TOPAZ-1 (NCT03875235) is a double-blind, Phase 3 study of durvalumab (D) + gemcitabine and cisplatin (GemCis) in patients (pts) with advanced biliary tract cancer (BTC). D + GemCis improved overall survival (OS) vs placebo (PBO) + GemCis, and is a potential new treatment option (Oh et al. NEJM Evid 2022; https://doi.org/10.1056/EVIDoa2200015). In BTC, primary tumour location may impact risk factors, prognoses and treatment response.

Methods

This exploratory subgroup analysis of TOPAZ-1 assessed efficacy outcomes by primary tumour location (intrahepatic [IHCC], extrahepatic [EHCC] cholangiocarcinoma or gall bladder cancer [GBC]). Pts were randomised 1:1 to receive D (1500 mg) or PBO on Day 1 Q3W, + Gem (1000 mg/m2) and Cis (25 mg/m2) on Day 1 and 8 Q3W, for ≤8 cycles, followed by D or PBO monotherapy until disease progression, unacceptable toxicity or discontinuation. Randomisation was stratified by disease status (initially unresectable vs recurrent) and primary tumour location (IHCC vs EHCC vs GBC).

Results

Patient numbers with IHCC, EHCC and GBC were balanced between treatment arms; more pts had IHCC than EHCC or GBC (Table). Efficacy outcomes by primary tumour location are summarised (Table). To aid in understanding the higher hazard ratio (HR) in GBC, regional analysis was performed: OS HR for GBC in Asia was 0.82 (95% confidence interval [CI], 0.48-1.40) and in Europe plus North America (non-Asian countries minus South America) was 0.78 (95% CI, 0.44-1.37) Table: 86P

Efficacy outcomes by primary tumour location (RECIST v1.1)
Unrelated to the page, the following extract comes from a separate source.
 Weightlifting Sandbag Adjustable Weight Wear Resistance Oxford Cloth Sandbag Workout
Primary tumour location Group (n) Overall survival, HR (95% CI) Progression-free survival, HR (95% CI) Objective response rate Responders with duration of response ≥9/12 months, %
% Odds ratio (95% CI)
Intrahepatic cholangiocarcinoma D + GemCis (n=190) 0.76 (0.58–0.98) 0.79 (0.64–0.99) 24.7 1.79 (1.07–2.97) 28.3/18.9
PBO + GemCis (n=193) 15.5 24.0/12.0
Extrahepatic cholangiocarcinoma D + GemCis (n=66) 0.76 (0.49–1.19) 0.52 (0.35–0.78) 28.8 2.18 (0.92–5.16) 43.3/43.3
PBO + GemCis (n=65) 15.6 23.3/23/3
Gallbladder cancer D + GemCis (n=85) 0.94 (0.65–1.37) 0.90 (0.65–1.24) 29.4 1.08 (0.55–2.09) 33.2/27.6
PBO + GemCis (n=86) 27.9 27.5/16.5

Calculated using a Cox proportional hazards model.Calculated using the Cochran-Mantel Haenszel test.

.

Conclusions

D + GemCis appeared to improve efficacy outcomes (not formally tested for subgroup comparisons) for pts with IHCC, EHCC and GBC. Findings support D + GemCis as a potential new treatment option for advanced BTC, irrespective of primary tumour location.
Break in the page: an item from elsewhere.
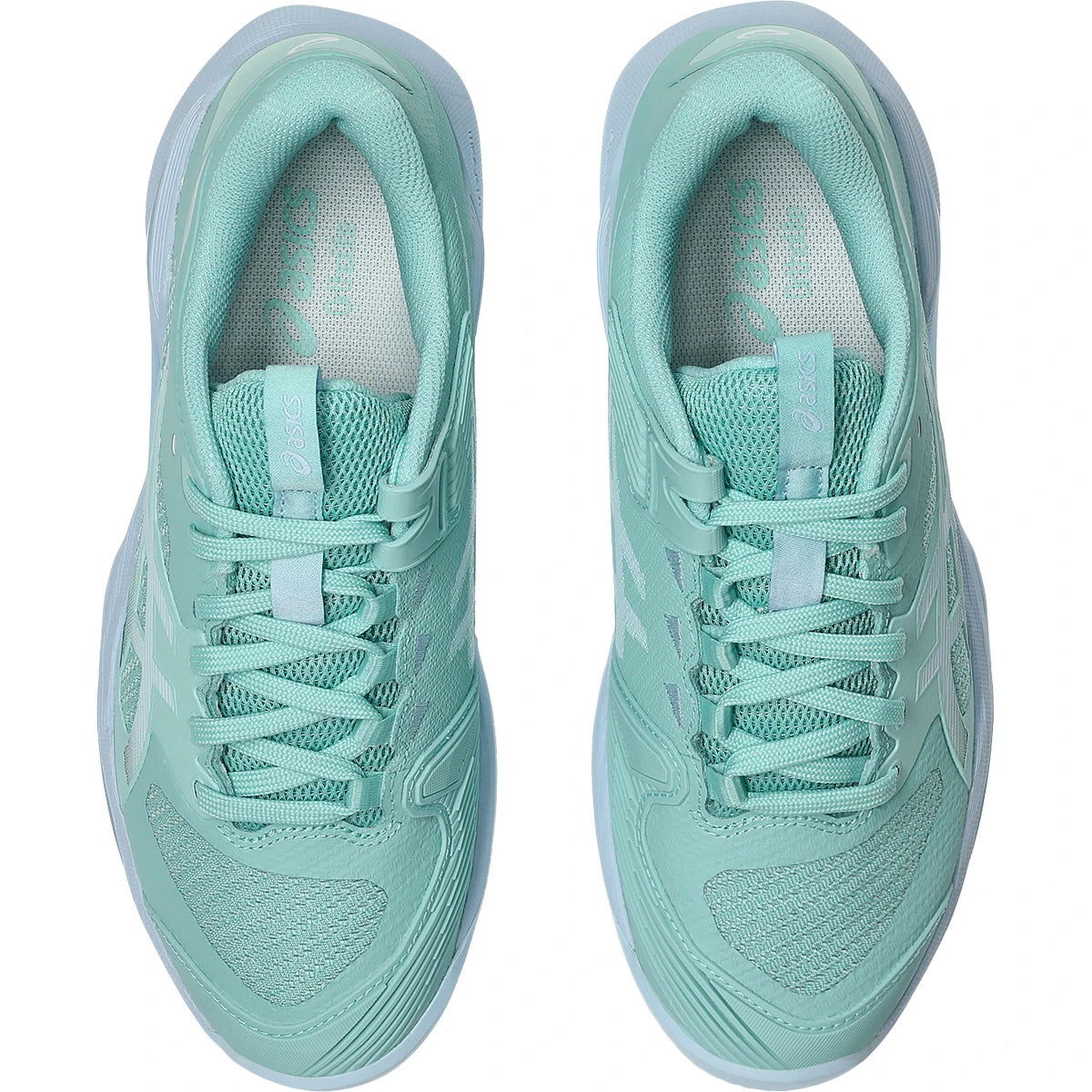 DAMEN-ASICS-SCHUHE SOLUTION SPEED FF4 FÜR ALLE OBERFLÄCHEN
Clinical trial identification

NCT03875235.

Editorial acknowledgement

Medical writing support, under the direction of the authors, was provided by Elaine Groat, PhD, of CMC Connect, McCann Health Medical Communications, with funding from AstraZeneca, in accordance with Good Publication Practice (GPP3) guidelines.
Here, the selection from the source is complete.